In this study, the AV’s reliability was set at approximately 80%, meaning the vehicle could successfully avoid an obstacle in five out of the total six cases. This reliability level was chosen to acknowledge previous research findings indicating that people’s performance with automation that is less than 70% reliable could be worse than with no automation at all (Wickens & Dixon, 2007). The confidence gauge, representing the vehicle’s confidence in avoiding an obstacle, was displayed at the left bottom position of the middle monitor (see Figure 1).
A single drive lasted approximately 2 min in total. Drivers were not provided with any non-driving-related tasks. For the initial 60 s, the AV displayed very high confidence, which fluctuated between 85% and 90% (Figure 2), as there were no obstacles ahead. After 60 s, the vehicle encountered a construction zone (the obstacle), where the presence of construction equipment and workers brought about the need to proceed with caution. In this situation, the vehicle issued an obstacle detection alert by displaying visual text (“Obstacle Detected!”) on the windshield through an augmented reality interface.
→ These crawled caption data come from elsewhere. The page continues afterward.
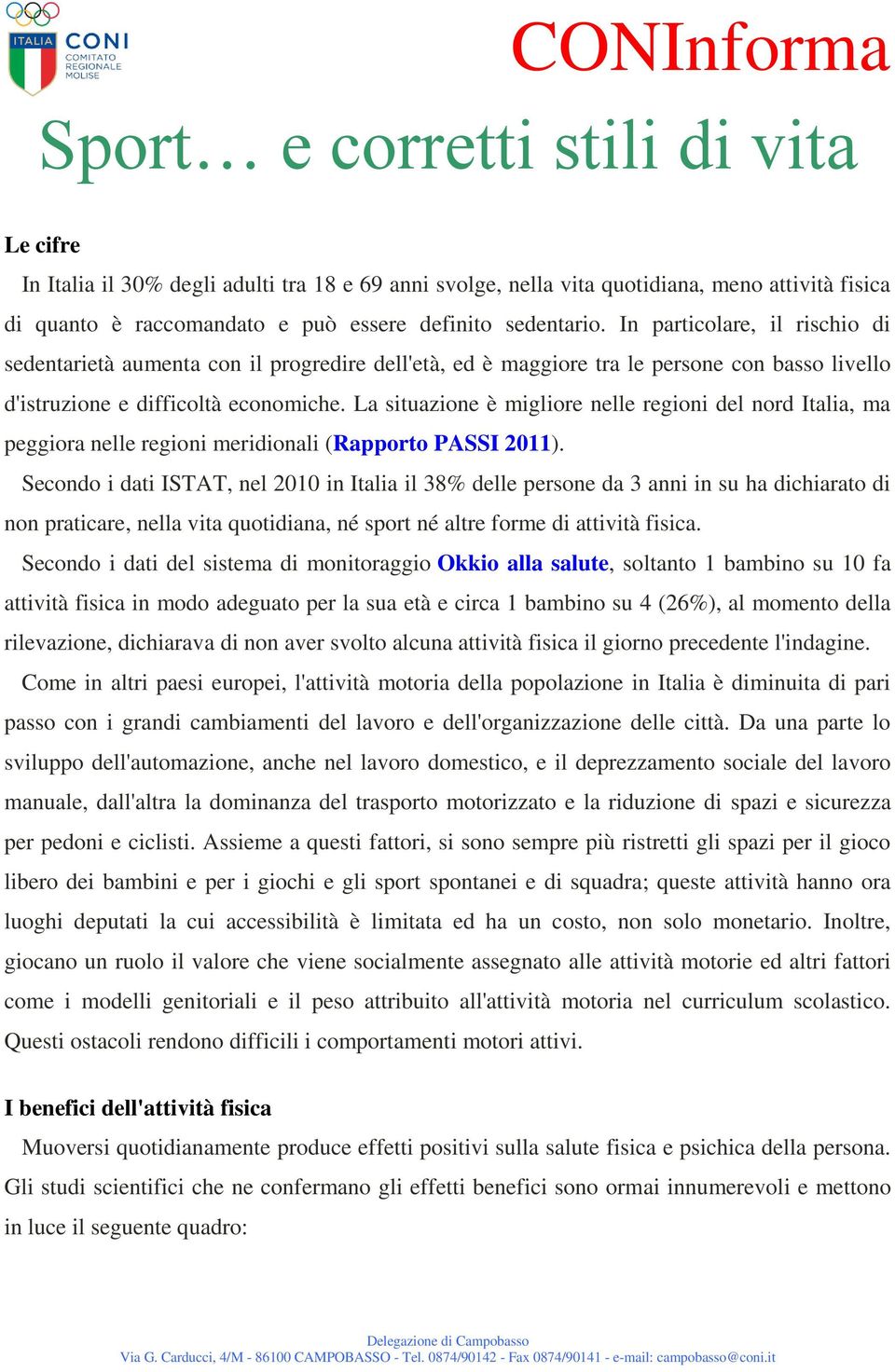 La situazione è migliore nelle regioni del nord Italia, ma peggiora nelle regioni meridionali (Rapporto PASSI 2011).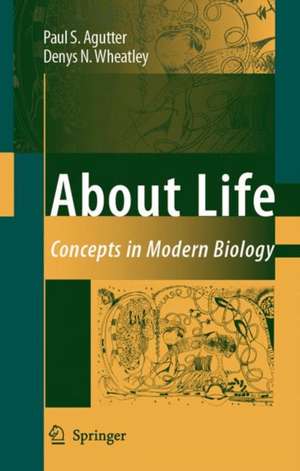 About Life: Concepts in Modern Biology de Paul S. Agutter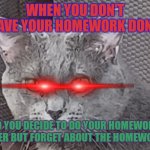 I was going to do my homework later I forgot | WHEN YOU DON'T HAVE YOUR HOMEWORK DONE; SO YOU DECIDE TO DO YOUR HOMEWORK LATER BUT FORGET ABOUT THE HOMEWORK | image tagged in nicholas | made w/ Imgflip meme maker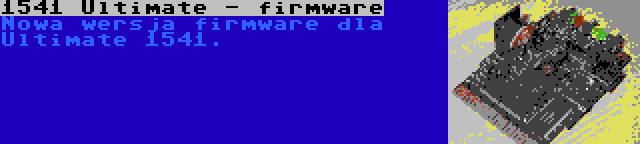 1541 Ultimate - firmware | Nowa wersja firmware dla Ultimate 1541.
Simultaneously, an auditory alert informed the participant about the obstacle ahead. At this point, participants could have encountered one of two types of confidence information trends (increasing or decreasing) for 15 s. During this period, participants needed to make a decision on whether or not to take over the vehicle, relying only on the confidence information. The first trend showed a linear increase from 60% to 85%, signifying that the vehicle was gaining confidence in its ability to avoid an obstacle. The second trend demonstrated a linear decrease from 85% to 60%, indicating the vehicle was losing confidence in its ability to avoid the obstacle, even as the vehicle moved closer to the obstacle. In this situation, drivers needed to decide whether to take over manual control of the vehicle or allow the vehicle to do so. The selection of this 85% value was made to express a high level of confidence, while 60% (the lowest value), which is above the midpoint, was chosen to indicate a more moderate level of confidence where random choices could be made. This confidence information value was distinct from the actual reliability value, which was approximately 80%.

Driving scenario.
Procedures
Upon the participant’s arrival at the laboratory, participants were provided a thorough explanation of the experiment and signed consent forms to acknowledge their voluntary participation in the study. Prior to the experiment, practice trials were conducted to ensure that participants understood the details of the experiment and became familiar with the AV operations. During this time, guidance on how to interpret the concepts of reliability and the confidence gauge were offered. Additionally, we outlined the objectives, which included: “Your objective is to make decisions based on the AV’s confidence information. Possible actions include (1) allowing the vehicle to navigate the obstacle or (2) taking control of the vehicle. When the value is between 85% and 90%. This range indicates that the vehicle is confident enough to navigate and avoid obstacles. If the value temporarily decreases, and then increases, it suggests that the vehicle detected an obstacle and gained enough confidence to avoid it. When the value consistently decreases, it implies that the vehicle is losing confidence even though it is getting close to the obstacle.” Following these instructions, the primary driving sessions commenced, each lasting approximately 2 min. After six drives, we asked participants to complete a questionnaire in which they detailed the strategies they employed to make their decisions.
Dependent Variable
We collected data on drivers’ correctness of decision, which served as the dependent variable. The correctness of participants’ decisions was assessed based on their takeover decision and vehicle’s capability in avoiding an obstacle. A correct decision is defined as follows: when the vehicle could handle an obstacle and the driver did not takeover. Conversely, an incorrect decision occurred when the vehicle could manage the obstacle, but the driver opted to take control over. In cases where the vehicle was unable to handle an obstacle and the driver intervened, it was considered a correct decision. If the vehicle could not manage the obstacle, but the human neglected to take control, this was regarded as an incorrect decision. Any instance of an accident was seen as an incorrect decision (Table 1). Upon the conclusion of each driving session, the correctness of participants’ decisions was communicated to them. A white board affixed to the wall was made visible for participants to review their previous decisions in each trial. We did not consider the information what vehicle’s confidence information presented when assessing the decision correctness because we presumed that the dynamics of confidence information did not necessarily guarantee capabilities and safety.
Correctness of Decision.
Results
Data from all 20 participants were used in data analysis. Statistical analyses were conducted using SPSS (Version 29) and MATLAB (2023b) (IBM Corp, 2023; The MathWorks Inc, 2023). The proportion test was employed for comparing decision correctness concerning confidence and reliability and their combination. To figure out how drivers calibrate their strategy, we employed linear regression. To investigate the relationship between previous and current decision, we utilized the maximum likelihood estimation method. The significance level, alpha, was set at 0.05.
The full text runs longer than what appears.